**Assignment:** Every line below between the line holding "Audifonos Inalambricos Bluetooth" and the line holding "Original Mindray BeneHeart", inclusive, should be repeated exactly, and all other lines omitted.

**Records:**
──────────
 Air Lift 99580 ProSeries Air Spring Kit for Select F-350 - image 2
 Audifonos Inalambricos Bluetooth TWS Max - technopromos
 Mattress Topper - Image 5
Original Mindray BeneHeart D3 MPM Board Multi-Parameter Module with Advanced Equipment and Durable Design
──────────
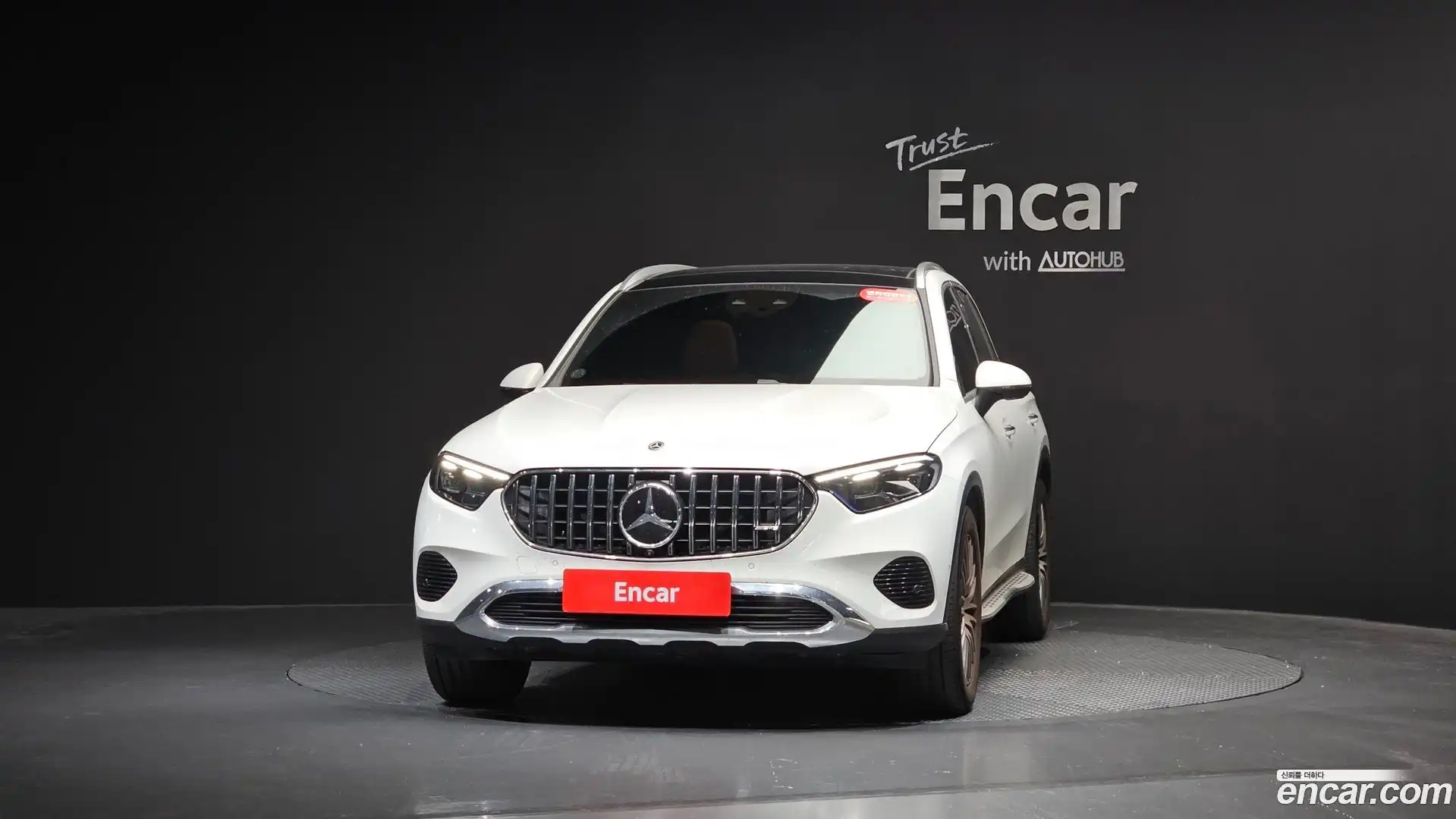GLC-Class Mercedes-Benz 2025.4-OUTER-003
──────────
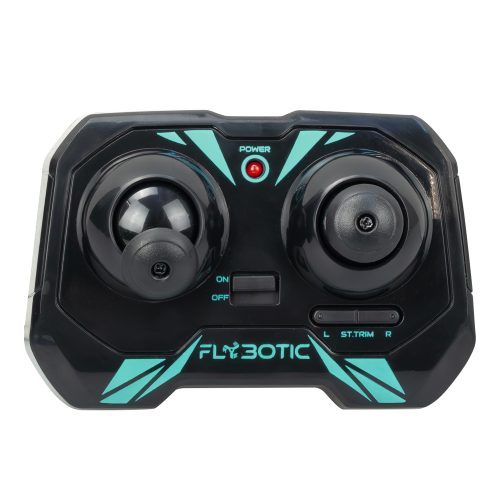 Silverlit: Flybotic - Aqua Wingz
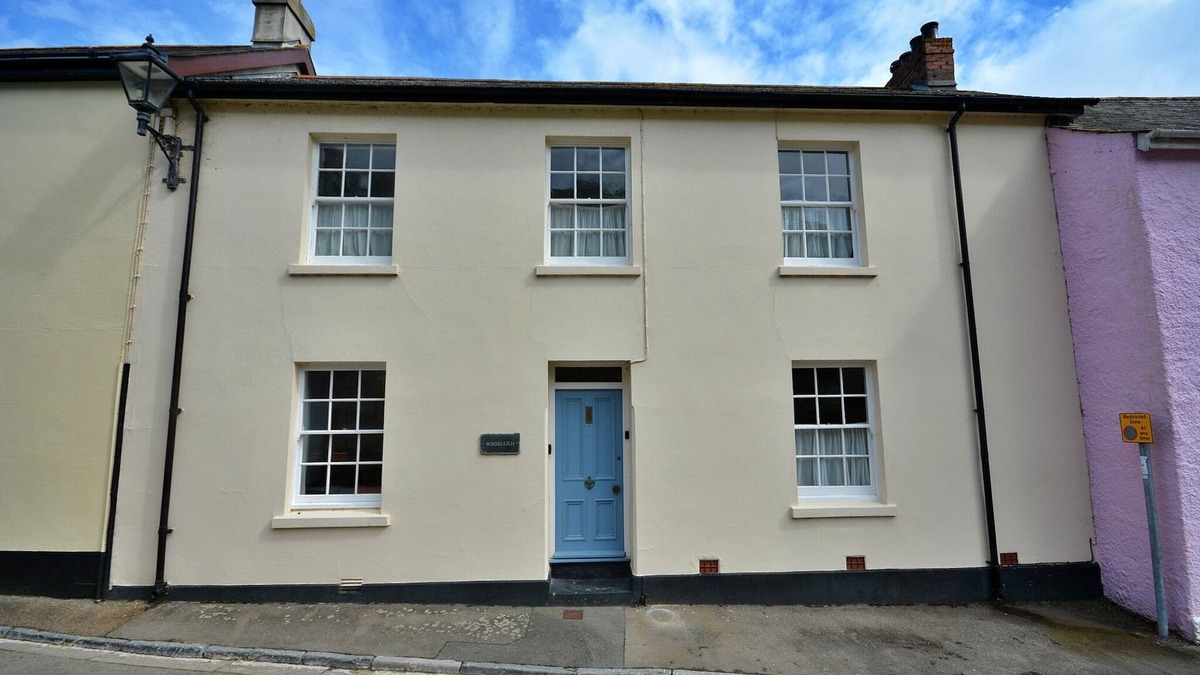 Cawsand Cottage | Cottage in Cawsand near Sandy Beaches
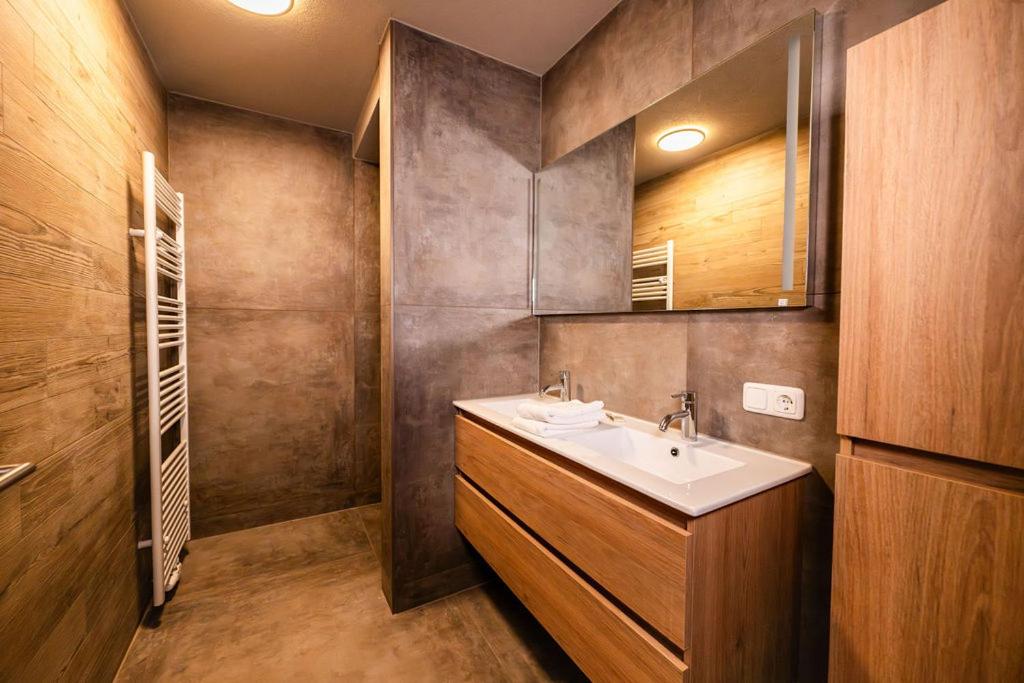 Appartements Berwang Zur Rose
──────────
**Result for this task:**
 Audifonos Inalambricos Bluetooth TWS Max - technopromos
 Mattress Topper - Image 5
Original Mindray BeneHeart D3 MPM Board Multi-Parameter Module with Advanced Equipment and Durable Design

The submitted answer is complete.